Kim Dower, who has worked at King Soopers pharmacy as a man for nine years, said he is undergoing gender transformation and wants to wear the garb of his target gender.

He has filed a complaint with the local office of the Equal Employment Opportunity Commission.

An editors note at the bottom of the story says that in cases of gender transition, The Denver Post uses the preferred gender in its use of pronouns. We here at TongueTied prefer to stick to the facts.

For more doses of politically correct nuttiness, head on over the TongueTied daily edition.

Mailbag:

Randy G. writes:

I'm just waiting to explain to my grandchildren why my generation was so racist that we eliminated every reference to the native American culture from our society.

Jason writes:

The world also should not have to walk on eggshells for fear of "offending" one group or another. The nation used to be "the greatest generation." Now it's turning into a bunch of spineless chumps sitting around WAITING to be offended.

James S. writes:

Often the articles presented in Tongue Tied take my words away by their absurdity, but the "English Class" article just threw me for a loop. I have no idea how anyone can accost a school in America for not writing official letters in Spanish as well as English. Does the LULAC realize how hypocritical they are with the statement of "in a language they can understand", or realize the senselessness of it all?

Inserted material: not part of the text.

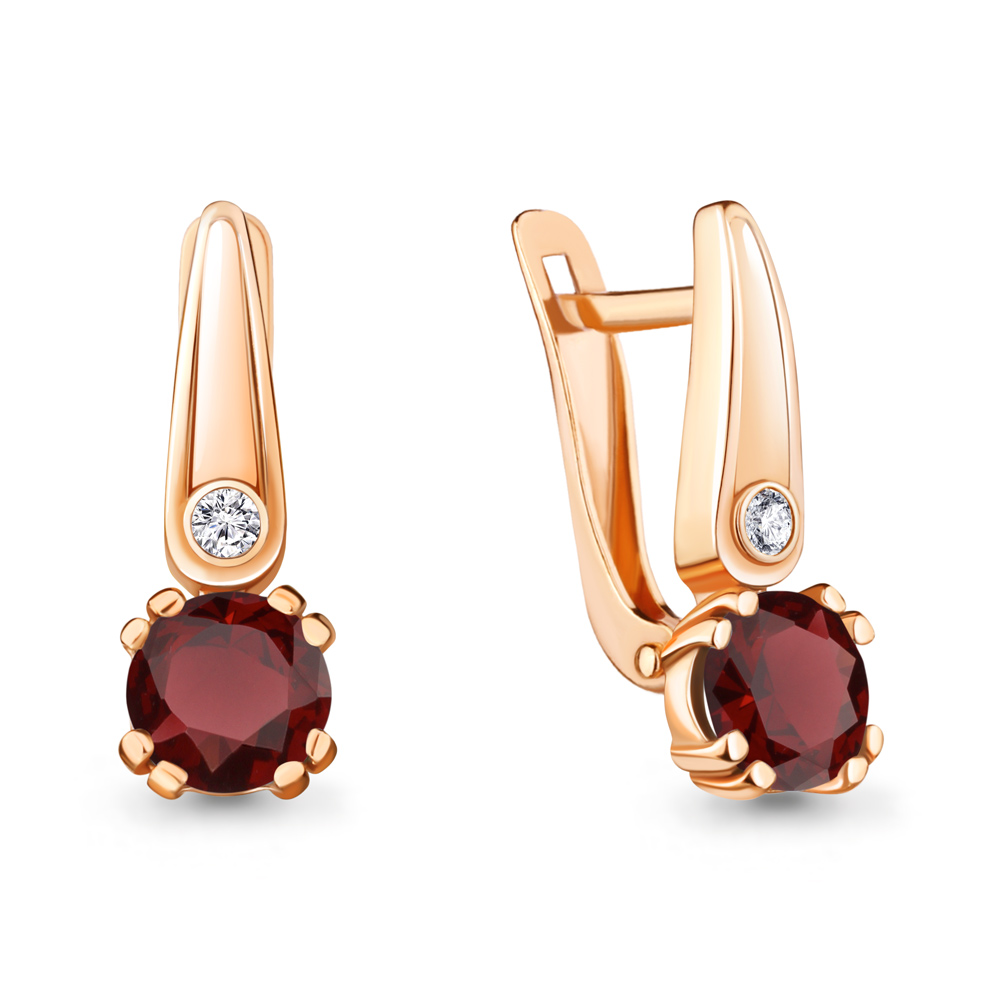 

Серьги из серебра с гранатом/фианитом Aquamarine 4731603А, 4731603А_925_з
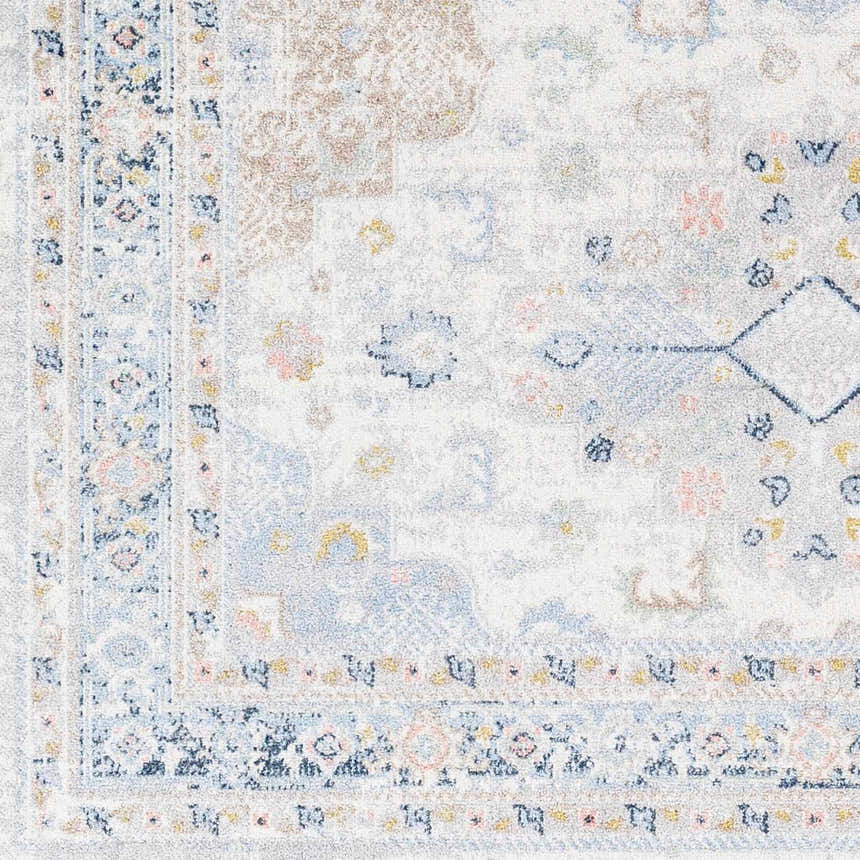 Close-up of the Tana Washable Area Rug in Arctic Stone, showcasing its traditional floral pattern and soft, muted colors. Swatch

Looking at the source article we find that 16 percent of the school in question is Hispanic. That is their heritage, not their nationality. They are Americans first and foremost, and if they are not, then they should not be attending an American school.

Leslie N. writes:

I understand the implications of sending letters home in every student's "home language," but as a bilingual education teacher in Texas, I do my best to send correspondence home in Spanish. Why? Because I would like to have my parents involved in the education of their children. Many of them are learning English, but as we know, the process of acquiring a language is: speaking, reading, writing. Therefore, if they are not speaking English, they will not be reading it yet either.

I do not view this as political correctness, I view it as consideration for a parent whose child is in my classroom.

G.L. writes:

The only thing to remember, when one hears the peaceniks or any other group protest something as innocuous as the GI Joe giveaway, is that weak-kneed protesters never won for our citizens any of the freedoms we enjoy. Sacrifice and selfless service of patriots is what came through again and again against tyranny.

Let them protest -- they're out of touch and irrelevant.

Andy W. writes:

I suppose that if the military can't appear to be supporting religion by helping Bob Parker give gifts from the heart to the families of our fallen heroes, it had better start ripping up the religious symbolism at Arlington and all the other military cemeteries to be consistent. No gravestones for any of those patriots lest someone get the idea that they might have had religious beliefs. Is this where the PC crowd wants us to go?

Update: The U.S. Army has since reversed itself.